Data excerpt
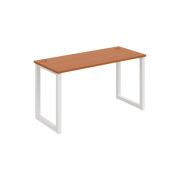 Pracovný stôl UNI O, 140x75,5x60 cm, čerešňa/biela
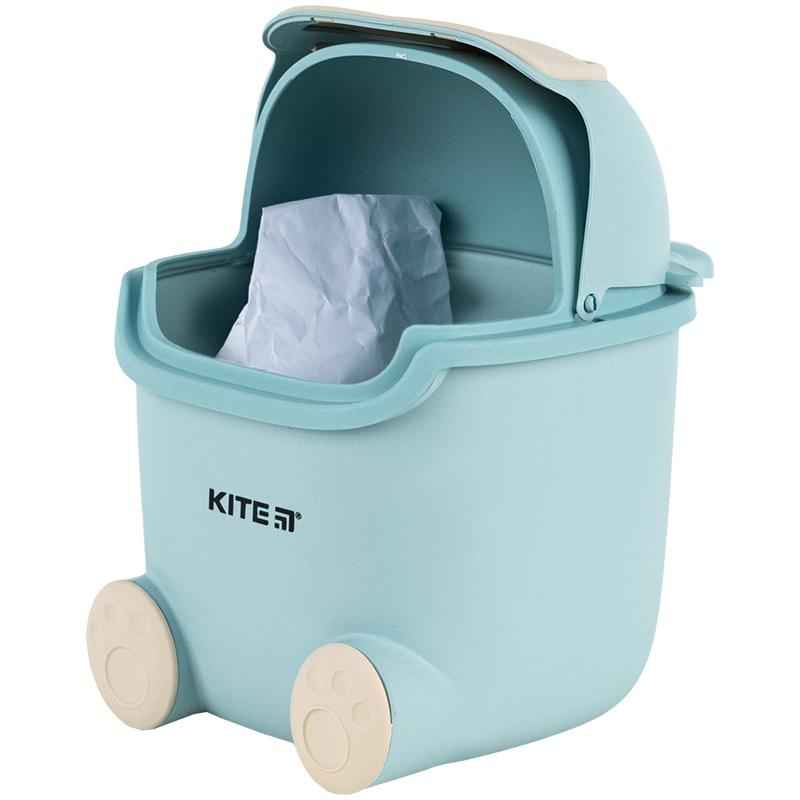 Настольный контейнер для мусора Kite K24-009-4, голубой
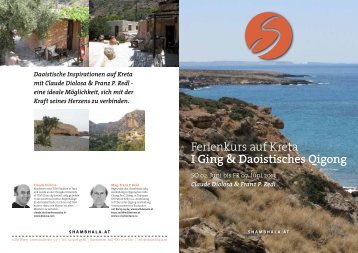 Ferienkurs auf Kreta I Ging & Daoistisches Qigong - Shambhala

Work order
Please retype the data exactly, but do not carry over any picture.

Answer to the problem
 Pracovný stôl UNI O, 140x75,5x60 cm, čerešňa/biela
 Настольный контейнер для мусора Kite K24-009-4, голубой
 Ferienkurs auf Kreta I Ging & Daoistisches Qigong - Shambhala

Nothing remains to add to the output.